→ Exercise requirements
Shown below are entries with pictures; the line with "Escritorio Gamer en" through the line with "FILE--In this file" is the span to retype exactly, and the pictures stay out.

→ Input records
- Opening Delimiter -
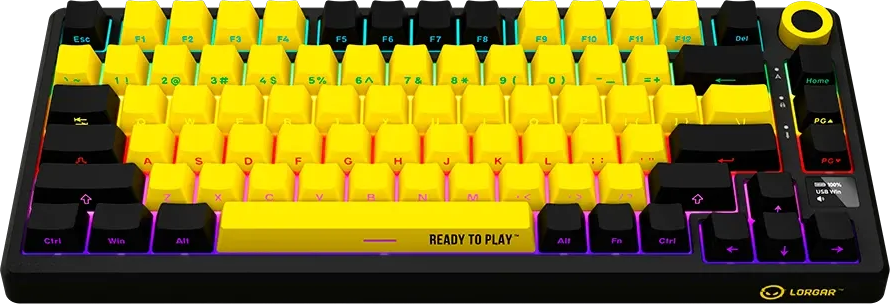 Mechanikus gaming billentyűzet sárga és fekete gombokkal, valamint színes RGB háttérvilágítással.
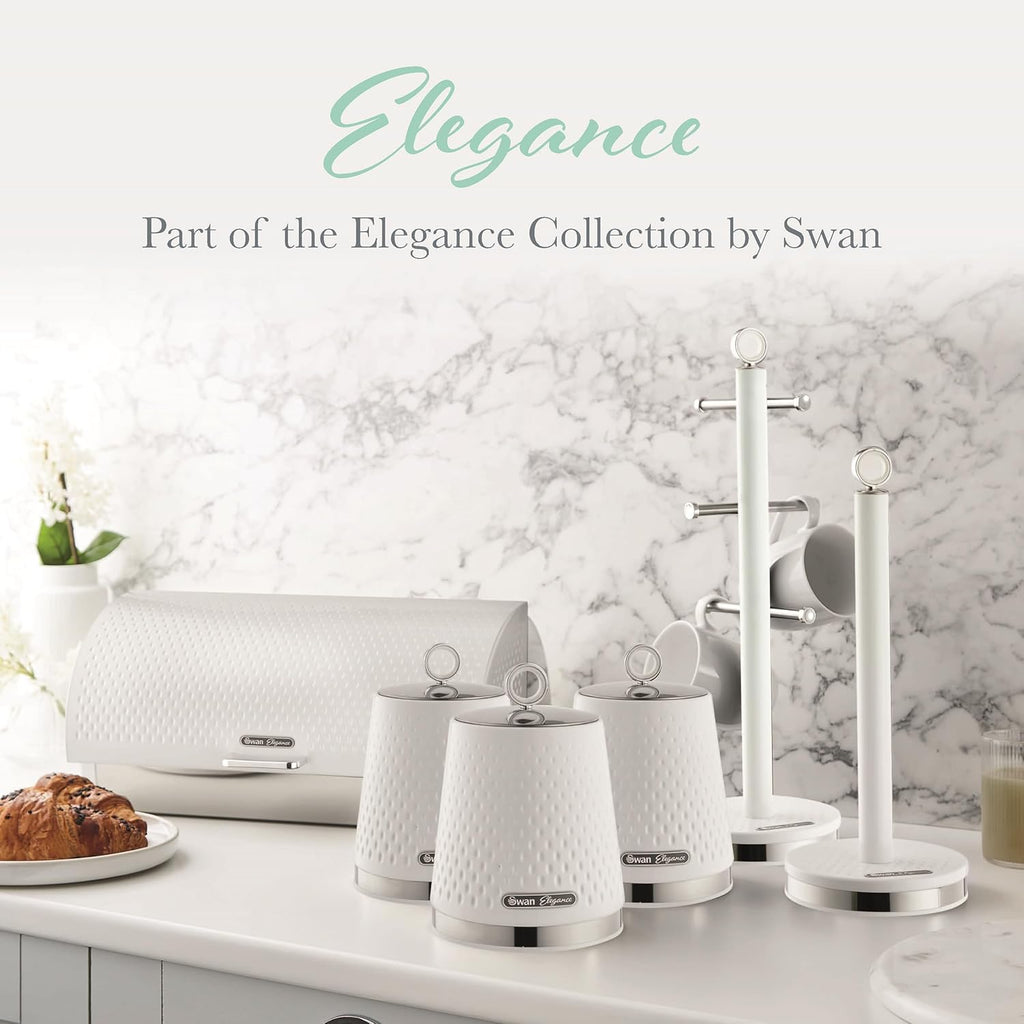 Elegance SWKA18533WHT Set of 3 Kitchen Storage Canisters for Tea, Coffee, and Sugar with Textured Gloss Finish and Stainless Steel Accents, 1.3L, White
- Closing Delimiter -
- Opening Delimiter -
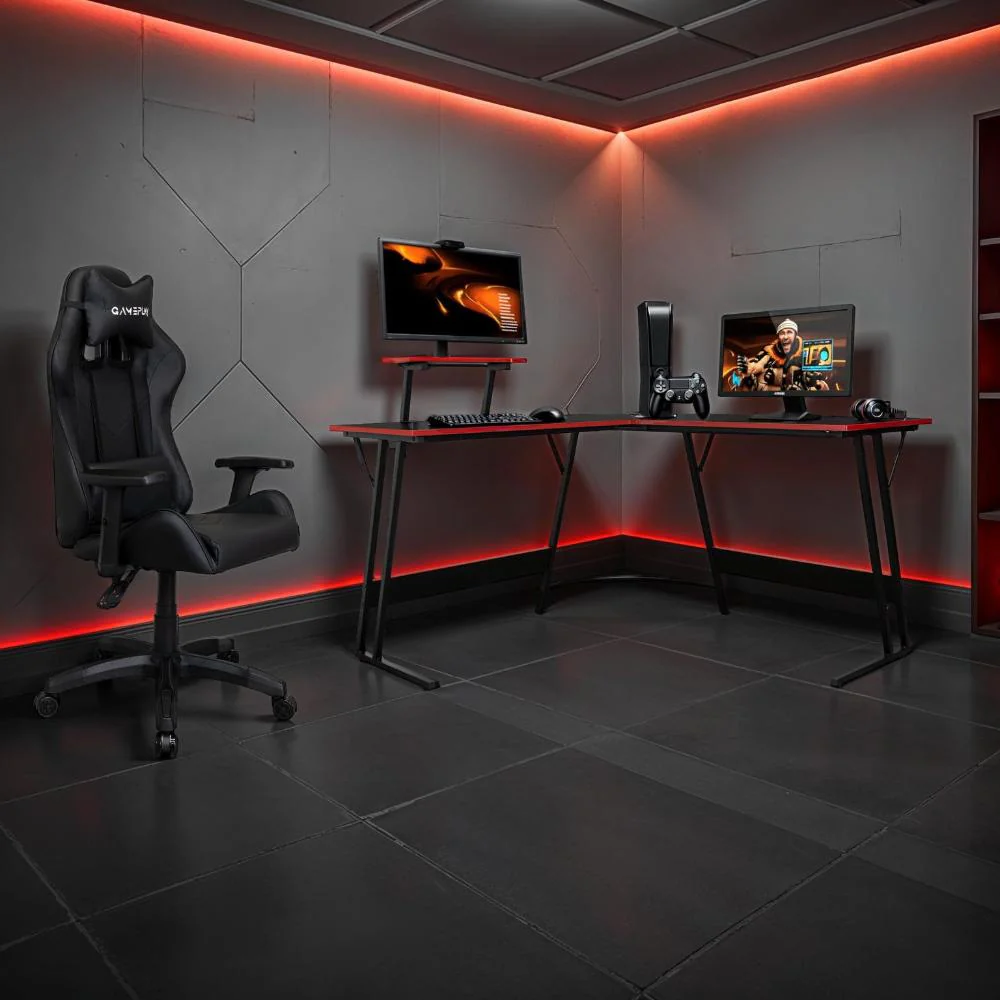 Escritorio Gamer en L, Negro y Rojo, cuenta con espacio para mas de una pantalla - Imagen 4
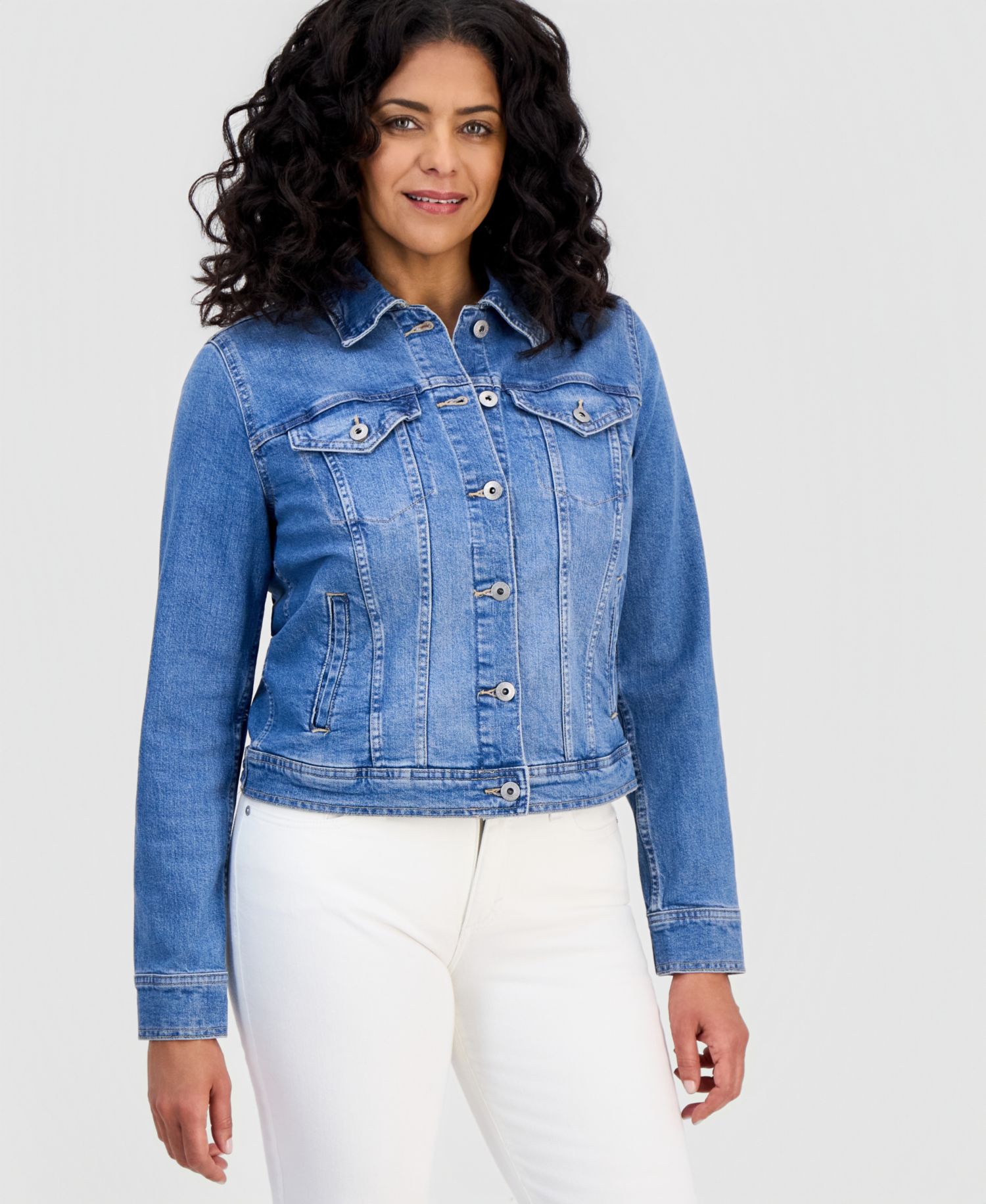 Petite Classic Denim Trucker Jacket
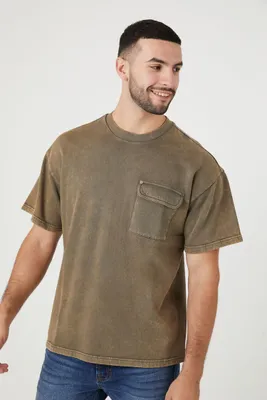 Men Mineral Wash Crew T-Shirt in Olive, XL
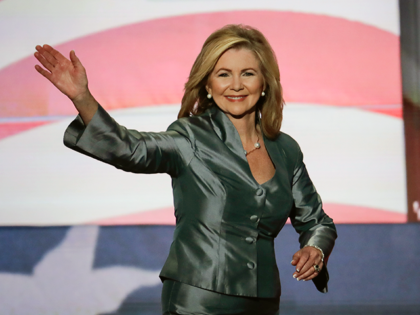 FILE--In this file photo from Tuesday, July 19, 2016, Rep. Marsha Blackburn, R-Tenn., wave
- Closing Delimiter -
→ Written answer
 Escritorio Gamer en L, Negro y Rojo, cuenta con espacio para mas de una pantalla - Imagen 4
 Petite Classic Denim Trucker Jacket
 Men Mineral Wash Crew T-Shirt in Olive, XL
 FILE--In this file photo from Tuesday, July 19, 2016, Rep. Marsha Blackburn, R-Tenn., wave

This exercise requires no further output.